Life is miserable. That certainly seems to have been the case in Wales circa 1915, when the writer Caradoc Evans published fifteen short stories under the title My People. I’ve not read any of them, and thus can’t judge how faithful the dancer and choreographer Gwyn Emberton is to his source material in this dance production named after the book. What I do know is that historically Evans was vilified for his hugely unflattering portrayal of his own people. I also know what my reaction was to Emberton’s work, shown on the Fringe under the auspices of Coreo Cymru and Chapter’s Welsh dance strand: misery, and then anger. I could hardly wait for this technically superbly danced but unilluminating hour of unrelieved misery to be over.
Have I used the word ‘misery’ enough yet? Maybe not. Honestly, this performance was the gloomiest by far of any of the 99 I’ve seen to date at Fringe 2015. Literally gloomy, too, given the dark lighting design. In all fairness the piece’s predominant tone was doubtless due to a subject matter which, based upon my reading of the string of kinetic scenarios that Emberton puts onstage, could be summed up as unhappy, brooding men oppressing or using or abusing women, e.g. a woman kept on a leash to the point of madness, or another bullied by one male and tempted by a second who seems to be in complicity with his rival – rendering her doubly oppressed! Not that the men get off scot-free. Indeed, one is hung upside down as if he’s about be gutted but is, instead, ‘only’ placed in a straitjacket-style in a shirt. The score, for the record, that’s jointly credited to Benjamin Talbott and Tic Ashfield has some range. It’s folky, beaty film score stuff featuring some haunted-sounding vocals and snappy electronic layering and, as such, served the show well even if it wasn’t particularly to my taste.

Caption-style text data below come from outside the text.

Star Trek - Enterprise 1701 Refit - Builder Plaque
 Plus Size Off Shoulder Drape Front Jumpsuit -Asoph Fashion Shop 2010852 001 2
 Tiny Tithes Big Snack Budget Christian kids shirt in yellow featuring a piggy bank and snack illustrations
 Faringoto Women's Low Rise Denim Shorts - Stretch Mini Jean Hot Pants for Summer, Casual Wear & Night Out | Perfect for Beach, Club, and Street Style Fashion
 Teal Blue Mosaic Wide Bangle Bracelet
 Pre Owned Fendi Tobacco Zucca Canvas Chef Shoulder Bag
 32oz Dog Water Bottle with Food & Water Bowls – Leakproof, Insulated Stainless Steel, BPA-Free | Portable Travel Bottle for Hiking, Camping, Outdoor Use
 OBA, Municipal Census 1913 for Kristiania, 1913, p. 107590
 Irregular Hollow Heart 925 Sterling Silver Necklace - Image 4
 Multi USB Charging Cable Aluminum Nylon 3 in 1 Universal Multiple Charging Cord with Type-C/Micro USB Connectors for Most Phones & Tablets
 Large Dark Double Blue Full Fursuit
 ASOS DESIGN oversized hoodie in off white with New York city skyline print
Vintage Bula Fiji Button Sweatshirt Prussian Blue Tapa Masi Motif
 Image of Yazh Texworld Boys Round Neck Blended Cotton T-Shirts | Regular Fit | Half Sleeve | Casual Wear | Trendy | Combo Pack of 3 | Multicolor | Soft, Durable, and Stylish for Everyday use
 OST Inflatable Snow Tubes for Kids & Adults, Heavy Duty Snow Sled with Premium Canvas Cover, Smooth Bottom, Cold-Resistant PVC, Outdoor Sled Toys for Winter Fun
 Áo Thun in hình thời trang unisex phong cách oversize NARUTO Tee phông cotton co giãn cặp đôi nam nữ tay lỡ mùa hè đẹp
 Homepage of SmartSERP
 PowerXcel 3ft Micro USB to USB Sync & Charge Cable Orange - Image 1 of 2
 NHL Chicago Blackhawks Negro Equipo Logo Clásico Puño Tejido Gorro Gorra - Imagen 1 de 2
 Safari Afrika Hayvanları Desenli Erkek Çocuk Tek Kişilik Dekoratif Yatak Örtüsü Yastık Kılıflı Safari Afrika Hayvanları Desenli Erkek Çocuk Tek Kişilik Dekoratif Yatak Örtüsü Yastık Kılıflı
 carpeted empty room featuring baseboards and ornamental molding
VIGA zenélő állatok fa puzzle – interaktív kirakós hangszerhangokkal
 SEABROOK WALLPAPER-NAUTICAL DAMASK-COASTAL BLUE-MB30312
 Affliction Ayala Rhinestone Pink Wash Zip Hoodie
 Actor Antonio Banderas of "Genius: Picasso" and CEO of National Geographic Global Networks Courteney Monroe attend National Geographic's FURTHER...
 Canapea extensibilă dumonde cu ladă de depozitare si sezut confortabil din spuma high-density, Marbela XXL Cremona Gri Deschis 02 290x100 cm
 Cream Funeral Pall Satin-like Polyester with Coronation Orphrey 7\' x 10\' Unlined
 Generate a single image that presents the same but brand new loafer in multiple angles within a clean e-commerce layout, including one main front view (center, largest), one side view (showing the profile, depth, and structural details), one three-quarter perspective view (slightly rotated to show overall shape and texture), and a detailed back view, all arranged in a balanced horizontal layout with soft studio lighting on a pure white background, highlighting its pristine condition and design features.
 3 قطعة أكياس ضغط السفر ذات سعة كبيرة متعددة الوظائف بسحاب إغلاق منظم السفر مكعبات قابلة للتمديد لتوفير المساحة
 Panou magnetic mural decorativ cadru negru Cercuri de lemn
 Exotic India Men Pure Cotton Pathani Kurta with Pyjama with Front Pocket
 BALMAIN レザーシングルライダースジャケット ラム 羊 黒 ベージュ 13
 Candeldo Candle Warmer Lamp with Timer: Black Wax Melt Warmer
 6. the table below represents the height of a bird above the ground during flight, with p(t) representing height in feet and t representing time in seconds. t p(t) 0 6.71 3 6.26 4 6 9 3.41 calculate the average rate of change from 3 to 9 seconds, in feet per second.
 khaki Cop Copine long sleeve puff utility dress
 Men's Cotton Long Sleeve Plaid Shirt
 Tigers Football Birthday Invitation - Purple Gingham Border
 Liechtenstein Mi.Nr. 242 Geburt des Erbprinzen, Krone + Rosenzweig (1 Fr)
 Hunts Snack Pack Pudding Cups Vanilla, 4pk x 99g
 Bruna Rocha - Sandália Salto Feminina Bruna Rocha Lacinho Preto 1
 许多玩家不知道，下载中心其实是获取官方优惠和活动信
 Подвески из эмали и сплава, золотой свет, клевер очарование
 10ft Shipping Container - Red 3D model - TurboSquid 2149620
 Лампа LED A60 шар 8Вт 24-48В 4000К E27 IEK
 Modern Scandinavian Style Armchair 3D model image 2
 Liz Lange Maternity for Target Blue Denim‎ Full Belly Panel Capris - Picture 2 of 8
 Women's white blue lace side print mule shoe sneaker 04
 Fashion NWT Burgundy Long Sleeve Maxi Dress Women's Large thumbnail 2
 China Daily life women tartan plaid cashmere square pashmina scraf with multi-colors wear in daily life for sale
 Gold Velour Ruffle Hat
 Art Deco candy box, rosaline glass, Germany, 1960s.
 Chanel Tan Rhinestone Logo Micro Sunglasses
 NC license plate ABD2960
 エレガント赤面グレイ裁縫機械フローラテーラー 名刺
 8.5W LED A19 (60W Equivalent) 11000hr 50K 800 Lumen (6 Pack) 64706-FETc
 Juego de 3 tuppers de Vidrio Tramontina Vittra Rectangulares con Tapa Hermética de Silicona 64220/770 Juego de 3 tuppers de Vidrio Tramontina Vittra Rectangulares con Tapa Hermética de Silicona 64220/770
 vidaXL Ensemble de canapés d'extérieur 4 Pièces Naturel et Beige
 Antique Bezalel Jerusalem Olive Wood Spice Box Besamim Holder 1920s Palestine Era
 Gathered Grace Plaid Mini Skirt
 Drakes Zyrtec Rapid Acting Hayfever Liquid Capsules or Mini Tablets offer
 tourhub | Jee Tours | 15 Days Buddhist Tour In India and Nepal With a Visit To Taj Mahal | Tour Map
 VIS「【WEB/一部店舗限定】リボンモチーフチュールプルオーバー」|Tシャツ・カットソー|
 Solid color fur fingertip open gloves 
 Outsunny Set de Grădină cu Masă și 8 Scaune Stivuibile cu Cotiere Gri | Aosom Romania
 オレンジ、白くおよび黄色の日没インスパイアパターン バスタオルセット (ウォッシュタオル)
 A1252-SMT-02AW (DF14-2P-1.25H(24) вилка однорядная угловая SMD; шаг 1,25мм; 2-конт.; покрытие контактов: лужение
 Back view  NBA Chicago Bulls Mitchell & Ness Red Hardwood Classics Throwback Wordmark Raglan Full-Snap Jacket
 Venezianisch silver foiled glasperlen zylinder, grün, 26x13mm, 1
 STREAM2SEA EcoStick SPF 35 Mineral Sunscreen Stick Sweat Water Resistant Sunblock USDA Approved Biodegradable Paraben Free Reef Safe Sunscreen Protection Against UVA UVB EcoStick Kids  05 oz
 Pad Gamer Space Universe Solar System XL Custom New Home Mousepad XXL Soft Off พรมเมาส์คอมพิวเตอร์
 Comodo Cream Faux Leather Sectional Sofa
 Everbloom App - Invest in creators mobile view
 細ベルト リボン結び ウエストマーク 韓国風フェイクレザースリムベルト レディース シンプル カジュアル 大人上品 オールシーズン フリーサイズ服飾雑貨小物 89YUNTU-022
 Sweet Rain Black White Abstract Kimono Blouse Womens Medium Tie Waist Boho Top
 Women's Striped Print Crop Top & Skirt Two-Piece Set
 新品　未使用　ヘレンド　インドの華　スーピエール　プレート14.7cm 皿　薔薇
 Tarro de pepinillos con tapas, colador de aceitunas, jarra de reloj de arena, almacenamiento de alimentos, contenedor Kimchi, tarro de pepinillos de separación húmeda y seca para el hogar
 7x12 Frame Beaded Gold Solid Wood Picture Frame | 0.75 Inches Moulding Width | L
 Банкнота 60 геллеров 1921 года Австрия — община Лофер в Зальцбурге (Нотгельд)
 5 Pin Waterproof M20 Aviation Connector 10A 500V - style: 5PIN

I don’t at all object to theatrical depictions of lives harshly lived, and certainly ‘My People’ indicates that these dire doings are perpetrated and perpetuated by a community. What got up my nose was the feeling of wallowing in – yes, that word again – misery. I don’t care if this is the truth of Evans’ fiction, any more than I ultimately cared that the six dancers – including Emberton – were extremely articulate movers (although here, too, the limitations of the choreography were evident via much swirling and swooping alongside the grovelling and writhing demanded by the dance’s dramatic content; consistent or, less forgivingly, samey). What’s missing from My People is any shading or a more rounded breadth of feeling, or enough sense of detailed characterisation, even if only sketched-in, that might’ve helped me on some level identify with the people onstage. They’re not my people. I couldn’t help thinking of all the training that these fine dancers have undergone to be functioning at this level, and this reductive joylessness is their reward. More selfishly, I was also depressingly aware of the time I’d invested in coming to see a show that unfortunately told me nothing new about being alive.